Despite concerns over overall security in Canada’s capital city, which was tight, the rally’s speakers included several prominent Canadian politicians, Jewish leaders, college students who feel unsafe on campus and family members of Israelis taken hostage or killed by Hamas on Oct. 7.
Local Jewish leaders called the event, organized by Jewish federations across Canada and the Centre for Israel and Jewish Affairs, a historic gathering.
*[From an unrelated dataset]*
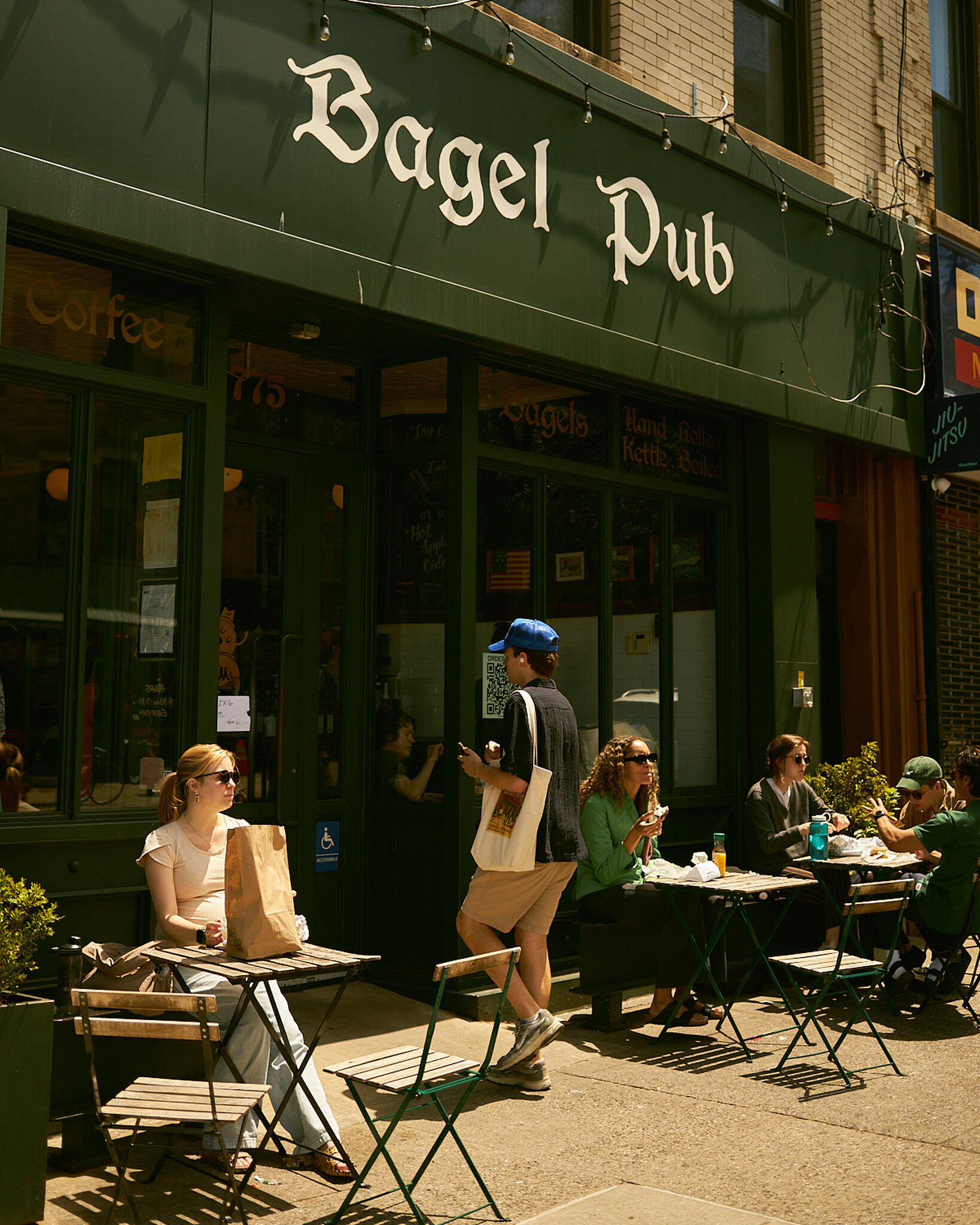 Bagel Pub and Crown Heights, Brooklyn 4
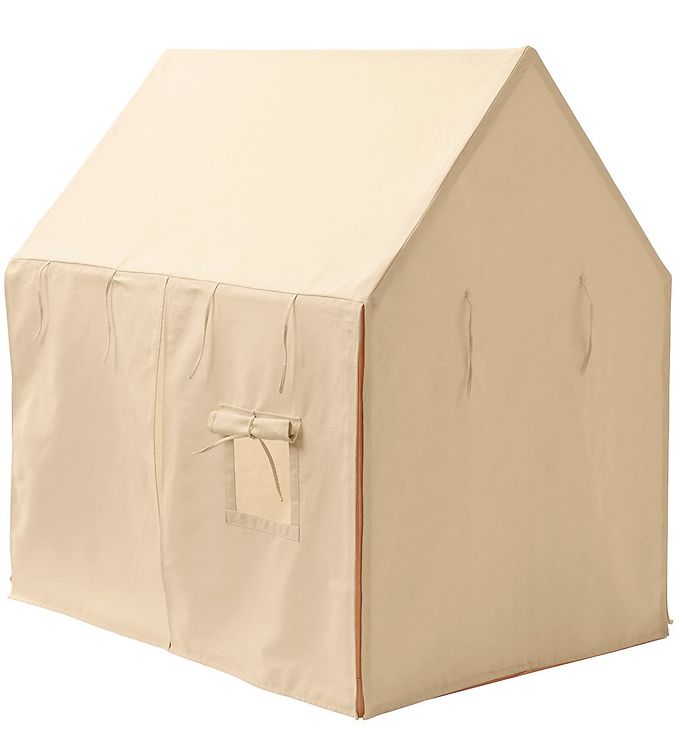 Kids Concept Legetelt - Hus - Beige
But just weeks after a similar incident in Detroit before a massive pro-Israel rally in Washington, 17 of 70 chartered buses did not show up to pick up rally-goers in Toronto.
Organizers called the no-show bus company antisemitic.
“Despite charging in full in advance and confirming its participation, the [unidentified] company did not send a single bus and has declined all communications while refusing to provide any explanations,” said Adam Minsky, president and CEO of United Jewish Appeal Federations in Toronto.
“We are driven to the view that this shameful decision is intended to disrupt our peaceful rally out of hatred toward Jews,” he added. “What happened today is sickening and outrageous. We will respond aggressively with every legal and public affairs tool at our disposal.”
Israel’s ambassador to Canada Iddo Moed, Liberal Party member of parliament Anthony Housefather and deputy Conservative Party leader Melissa Lantsman all spoke on Monday.
“This is not 1943. I’m grateful that Israel exists and has an army to fight back against those who launched this pogrom,” said Housefather, who is Jewish and represents Montreal’s heavily Jewish Mount Royal district.
Raquel Look, whose son Alexandre was murdered at the music festival in southern Israel attacked by Hamas on Oct. 7, called on Canadian politicians to take more action against antisemitism. Hate crimes against Jews — including multiple incidents that have involved Molotov cocktails thrown at Montreal-area synagogues — have spiked across Canada.
“Our sorrow is deep and immeasurable but today we want to channel this immense pain into a call for action,” Look said. “Please let us honour his memory by standing up against the forces that seek to destroy Jewish and Canadians values we hold so dear.”